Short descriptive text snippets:
.....
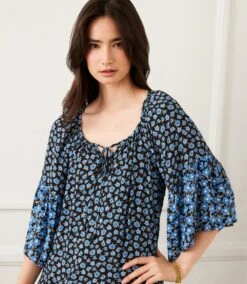 Contrast Ruffle Hem Dress 16 Contrast Ruffle Hem Dress -Karen Kane Store 2L28101 PRT karenkane 2025 Summer 00 2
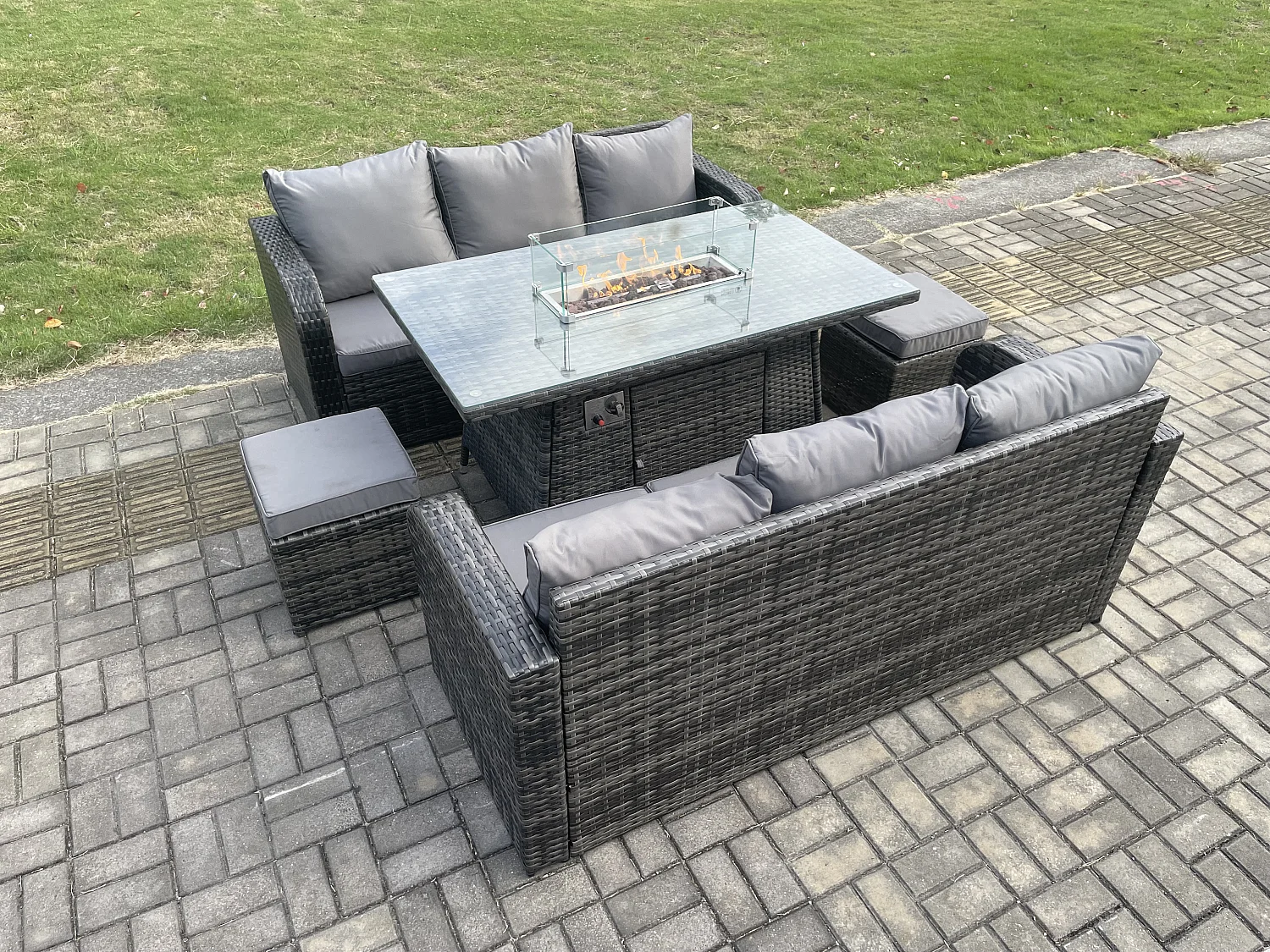 Polyrattan Gartenmöbel Set mit Gasfeuerstelle Esstisch Set 8-Sitzer Garten Sofa im Freien Set Dunkelgrau Gemischt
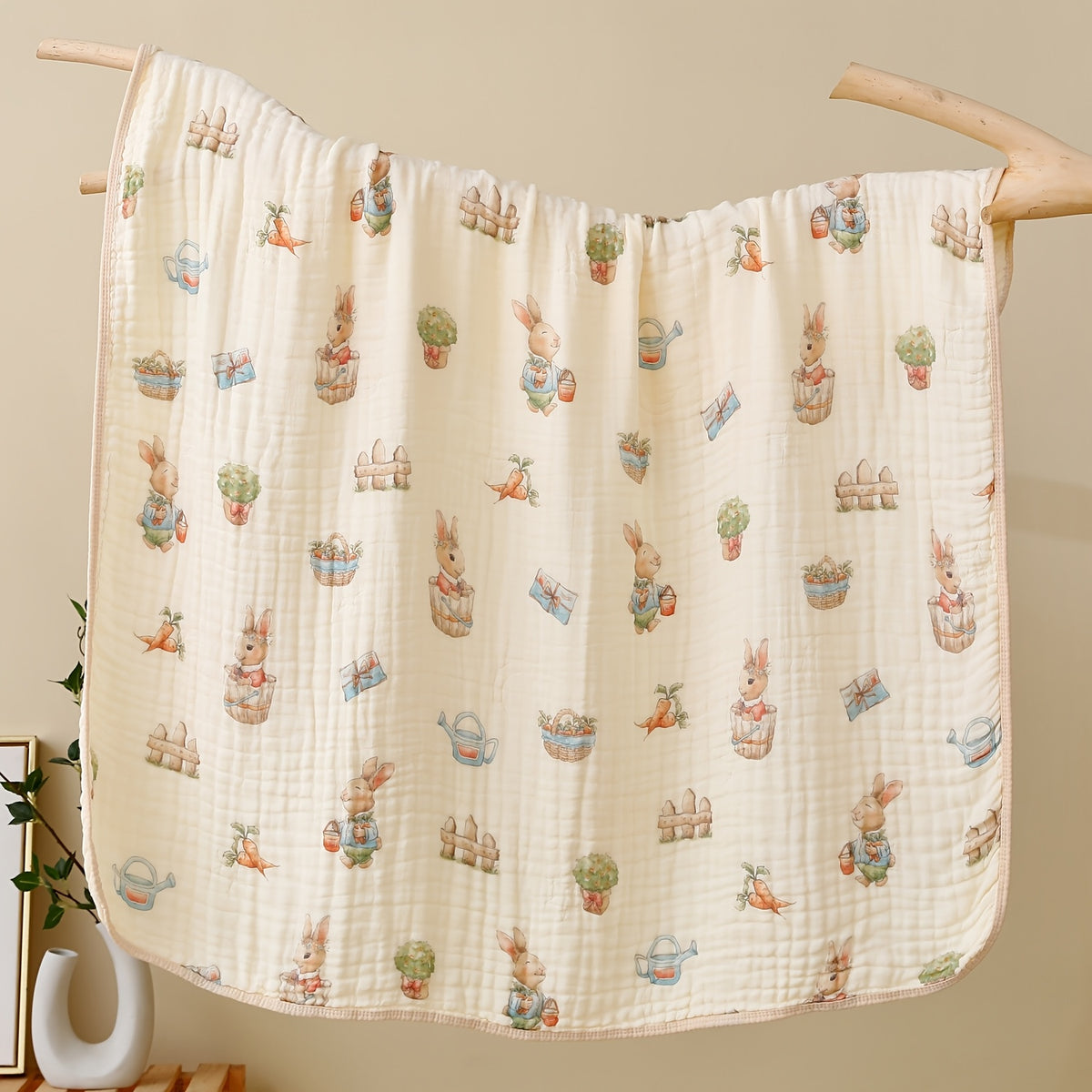 6-Ply Soft Soft Quick-Dry Bathroom Towel - Floral & Bunny Print, Breathable & Absorbent for Home, Travel, Camping, Beach - Perfect Holiday Gift for Thanksgiving, Easter, Christmas, Beach Travel Towel | Contemporary Design | Quickdry Material
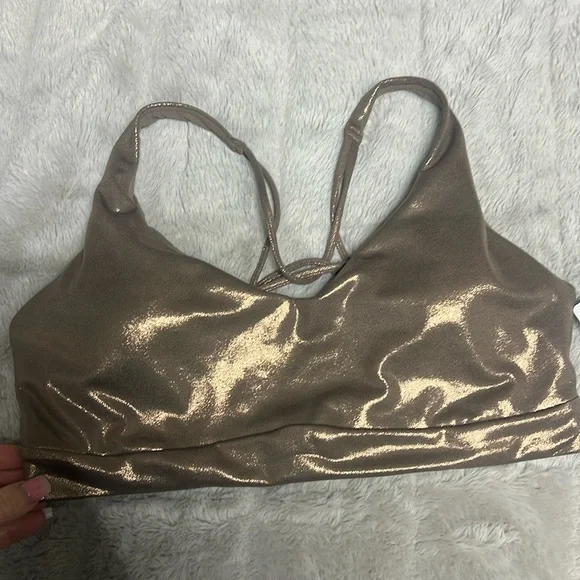 NWT Athleta Gold Metallic Solace Sports Bra- Size Medium - Picture 4 of 9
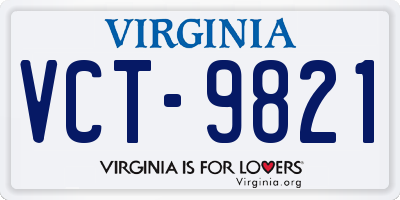 VA license plate VCT9821
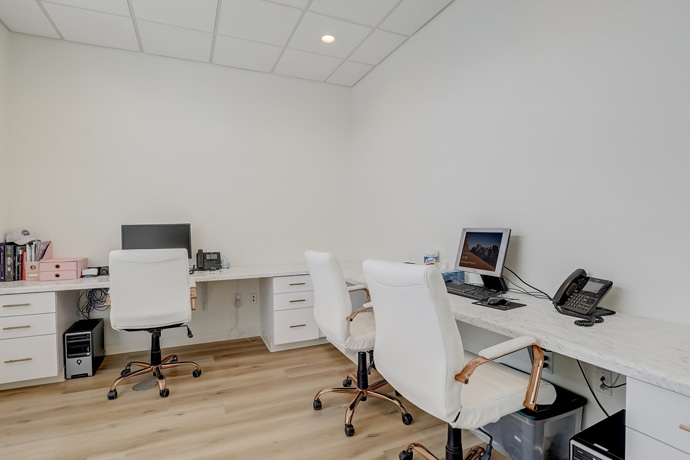 Multiple office table and chair set up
.....
__Work request__. Restate word for word only the lines that run from the line holding "VA license plate VCT9821" to the end of the data, both ends kept, leaving every picture out.

__Written response__.
 VA license plate VCT9821
 Multiple office table and chair set up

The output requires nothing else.